Exercise directions
Without the images, write out the whole listing exactly.

Given material
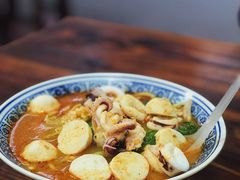 -亚忠小吃店(曾厝垵店)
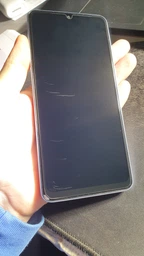 Защитное стекло ArmorStandart Icon для Samsung Galaxy A07 4G Black (ARM86508) фото от покупателей 2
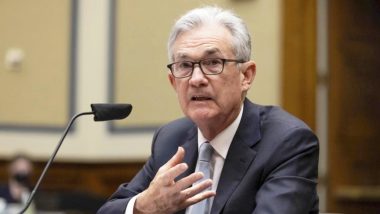 Fed Chair Jerome Powell Says 'You Wouldn’t Need Cryptocurrencies if You Had a Digital US Currency'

Result of the exercise
 -亚忠小吃店(曾厝垵店)
 Защитное стекло ArmorStandart Icon для Samsung Galaxy A07 4G Black (ARM86508) фото от покупателей 2
 Fed Chair Jerome Powell Says 'You Wouldn’t Need Cryptocurrencies if You Had a Digital US Currency'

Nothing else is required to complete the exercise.